Я уж думал, спектаклю конец, но оказалось, второе действие впереди, еще более захватывающее, чем первое. Его я досмотрел, стоя на коленях среди разбросанных в нелепых позах тел — двое ментов и трое-четверо «балахонов». Под успокоительно моросящим серым дождичком.
Полину подтащили к черной легковухе, кто-то изнутри открыл заднюю дверцу — и тут на стоянке возникло новое действующее лицо — мужчина в спортивной куртке, в широких спортивных штанах, с палкой наперевес. Палка напоминала шест для прыжков в высоту, но была, пожалуй, раза в два короче. Мужчина держал ее перед собой в вытянутых руках и раскручивал в разные стороны, словно она не давала ему покоя.
— Эй, мужички! — насмешливо окликнул он. — Оставьте дамочку в покое. Бросьте ее! Она же тяжелая.
По голосу я его узнал: это был Трубецкой собственной персоной. Те двое, кто нес Полину, замерли как вкопанные, зато остальные пятеро или шестеро развернулись, оценили обстановку и гуртом двинулись на безумца. Показалось, я даже слышал их довольные смешки: дескать, сейчас, парень, сейчас мы тебе сделаем дамочку!

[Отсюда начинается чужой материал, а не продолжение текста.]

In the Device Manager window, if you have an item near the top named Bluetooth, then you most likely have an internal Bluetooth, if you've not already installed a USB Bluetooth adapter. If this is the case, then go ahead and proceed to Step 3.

Не дойдя до Трубецкого, «балахоны» рассыпались и начали его окружать. Но не успело кольцо замкнуться, как шест в его руках, будто сам по себе, описал несколько свистящих оборотов, произведя среди нападающих сокрушительную вырубку. Из пятерых на ногах осталось двое. Уследить, как и куда наносились удары, было невозможно. Двое оставшихся на ногах попятились, что-то недружелюбно клекоча. Шест продолжал вращаться, напоминая целый клубок змей, исполняющих жуткий танец. «Балахоны» побежали к машинам. Трубецкой шел за ними, крича:
— Оставьте женщину, говорю по-хорошему, придурки!

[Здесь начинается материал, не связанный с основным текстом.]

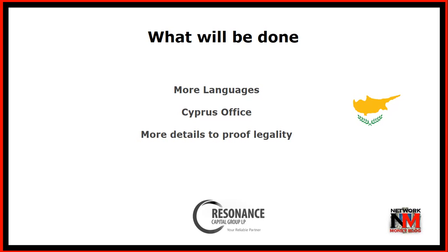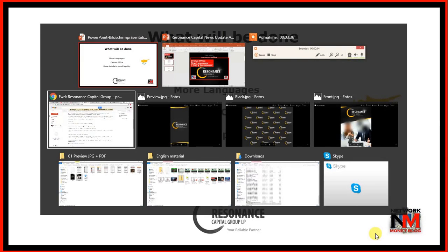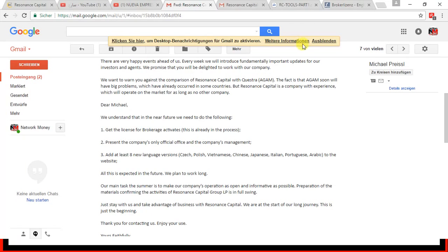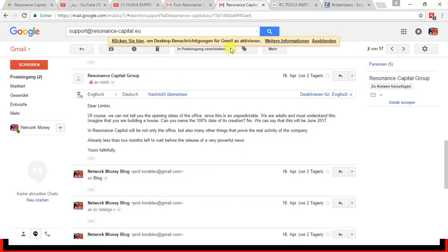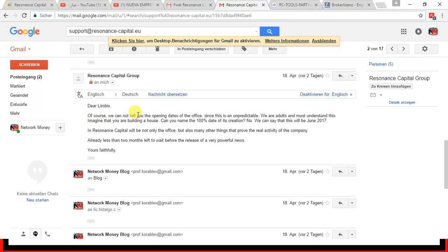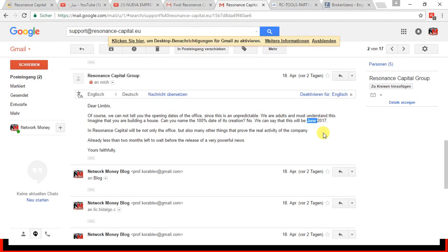So they will also reveal some details that will prove their legality. And I have a written confirmation from Resonance Capital saying that there will be a real office established. And this is that email here. So I basically asked Resonance Capital when and where the office will be, because I got some verbal confirmation from Resonance Capital that they will be in office. But now I have it in written here. And so what they are saying here is they are shooting for June 17. But obviously it's not easy to keep those dates. So they are shooting for June. But they cannot really promise that this will be in June.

Из машины на асфальт вывалился юркий мужичонка, показавшийся с моего зрительского места нестрашным и маленьким, почти мальчишкой. Но от этого мальчишки потянулись в сторону Трубецкого пульсирующие огненные стрелы. Боец, прижав приклад к брюху, палил из автомата. Трубецкой качнулся туда-сюда, опираясь на шест, и рухнул на бок. Издав торжествующий вопль, мальчишка ринулся к нему, но не сделал пары шагов, как словно наткнулся на стену лбом. Несколько мгновений он изумленно вглядывался вперед, бросил автомат, погладил себя ладонью по животу и поднес руку к глазам. Слышно было, как он сказал «Ах!» — потом сел и наконец лег на асфальт. Все его движения казались абсолютно осознанными, хотя и противоречили здравому смыслу: так вел бы себя человек, который в разгар боя вдруг плюнул на все и улучил минутку, чтобы вздремнуть. Сначала я ничего не понял, кроме того, что Трубецкому и автоматчику хана, но, оглянувшись, увидел, что оживший капитан, приставив к упертой в землю руке пистолет, уже выцеливает следующую жертву.